A medida, publicada no Diário Oficial da União nesta quarta-feira (7), altera a Lei dos Planos de Benefícios da Previdência Social (Lei 8.213/1991) e busca coibir práticas irregulares que atingiram milhões de aposentados e pensionistas em todo o país.
A legislação veda esse tipo de desconto mesmo quando há autorização expressa do beneficiário. A única exceção ocorre nos casos em que houver autorização prévia, pessoal e específica, com mecanismos de segurança como biometria, reconhecimento facial ou impressão digital, além de assinatura eletrônica. Quando identificado desconto indevido, a associação ou instituição financeira responsável terá prazo de até 30 dias para ressarcir o beneficiário.
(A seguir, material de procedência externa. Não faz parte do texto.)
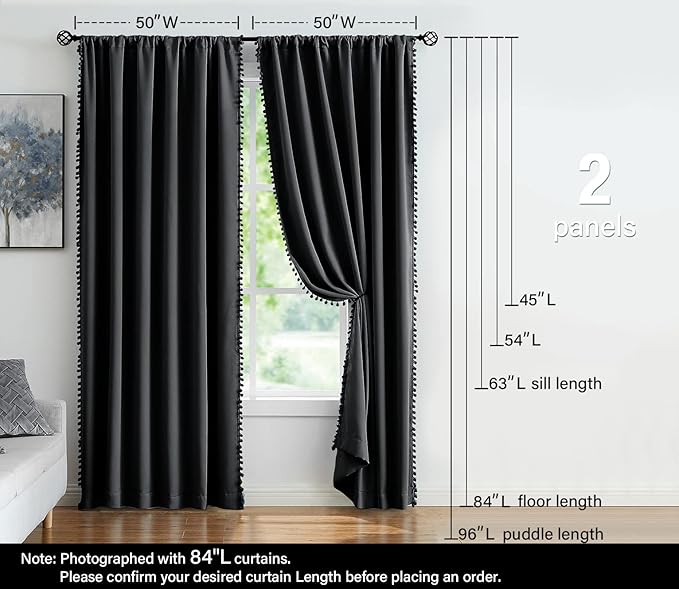 Pompom Blackout Window Curtains 54 Inch Black Thermal Insulated Curtain Drapes for Small Laundry Basement Room Thermal Insulated Curtain Set 2 Panels
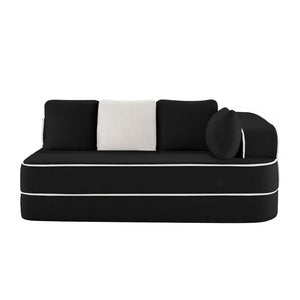 English Elm Elysees Modular Cloud Sofa Plush Teddy Velvet Ergonomic Living Room Seating Black Right 2-seater W714P360894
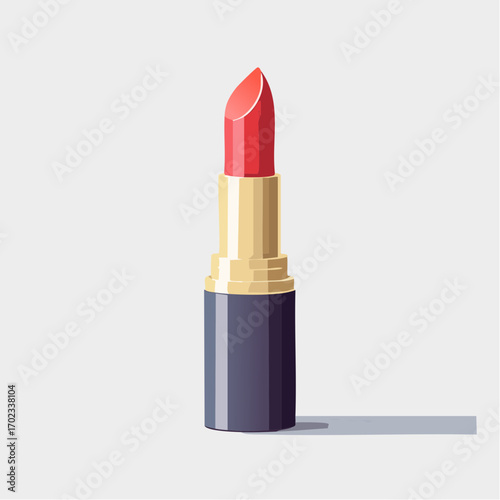 Vibrant lipstick depiction on a plain background, emphasizing elegance and modern beauty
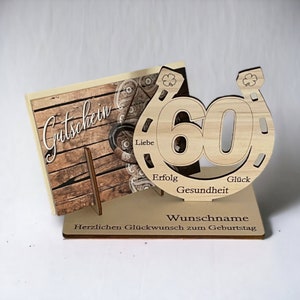 Geldgeschenk zum 60. Geburtstag – Personalisiertes Holz-Hufeisen mit Gravur, Gutscheinhalter, originelle Verpackung für Geld und Gutscheine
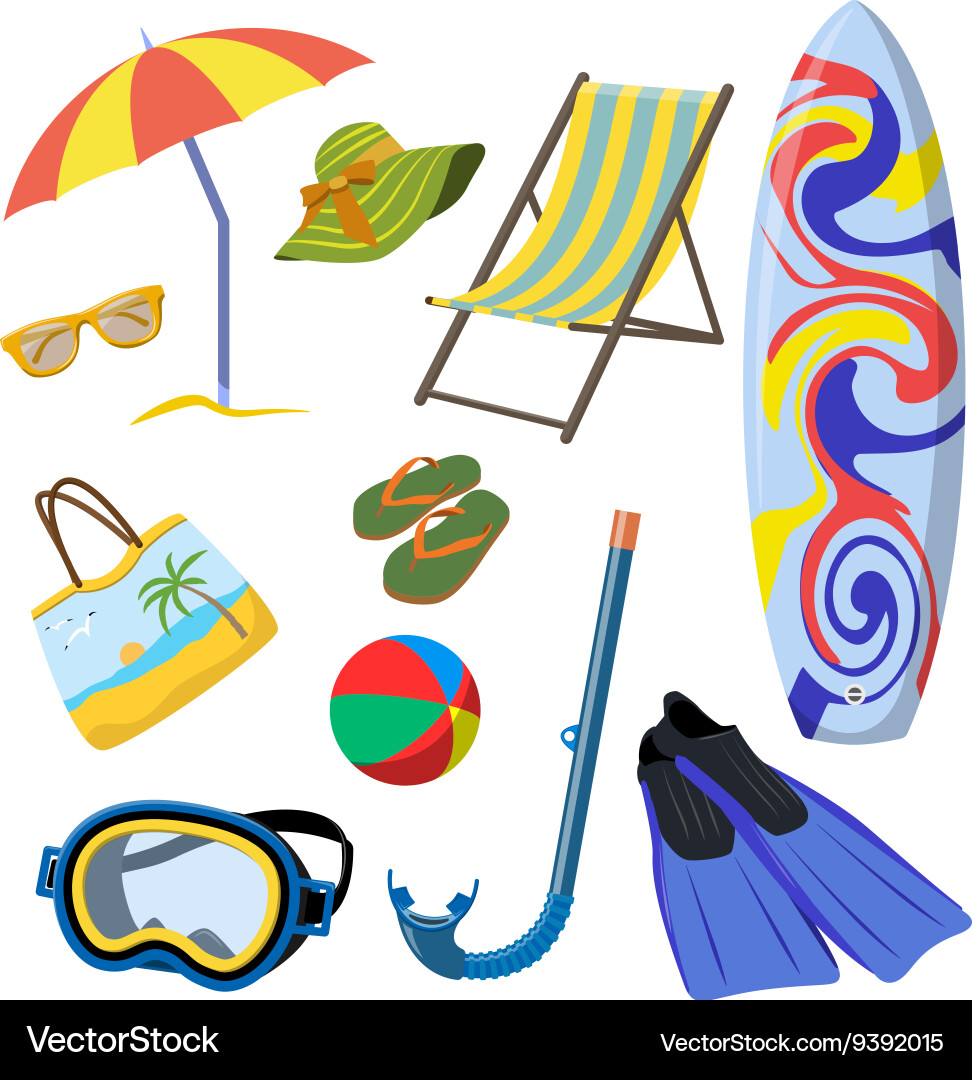 Set of summer objects isolated on white vector image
Outro ponto central da nova lei é a determinação de busca ativa por parte do poder público para localizar beneficiários lesados, garantindo a devolução dos valores cobrados irregularmente. O texto também prevê o sequestro de bens de pessoas investigadas ou acusadas de crimes relacionados a esses descontos.
A mudança na legislação é resultado direto das investigações da Operação Sem Desconto, deflagrada pela Polícia Federal (PF) e pela Controladoria-Geral da União (CGU) em abril de 2025. As apurações revelaram um esquema de cobranças indevidas feito por associações, sindicatos e entidades de classe, muitas vezes sem o conhecimento dos aposentados.
Após a operação, todos os acordos de cooperação técnica que permitiam o desconto automático de mensalidades nos benefícios do INSS foram suspensos. Desde então, uma força-tarefa foi criada para analisar denúncias e devolver os valores cobrados de forma irregular.
Segundo o balanço mais recente do INSS, até o dia 5 de janeiro já foram ressarcidos R$ 2,83 bilhões a beneficiários prejudicados. O montante corresponde a mais de 4,1 milhões de solicitações de contestação feitas por aposentados e pensionistas.
Os números mostram a dimensão do problema. O aplicativo Meu INSS registrou mais de 72,5 milhões de consultas relacionadas a descontos indevidos. Desse total, cerca de 38,7 milhões confirmaram que não havia cobrança irregular, enquanto mais de 6,3 milhões de pedidos de contestação ainda aguardam análise. Até agora, 131.715 casos de descontos indevidos já foram oficialmente reconhecidos.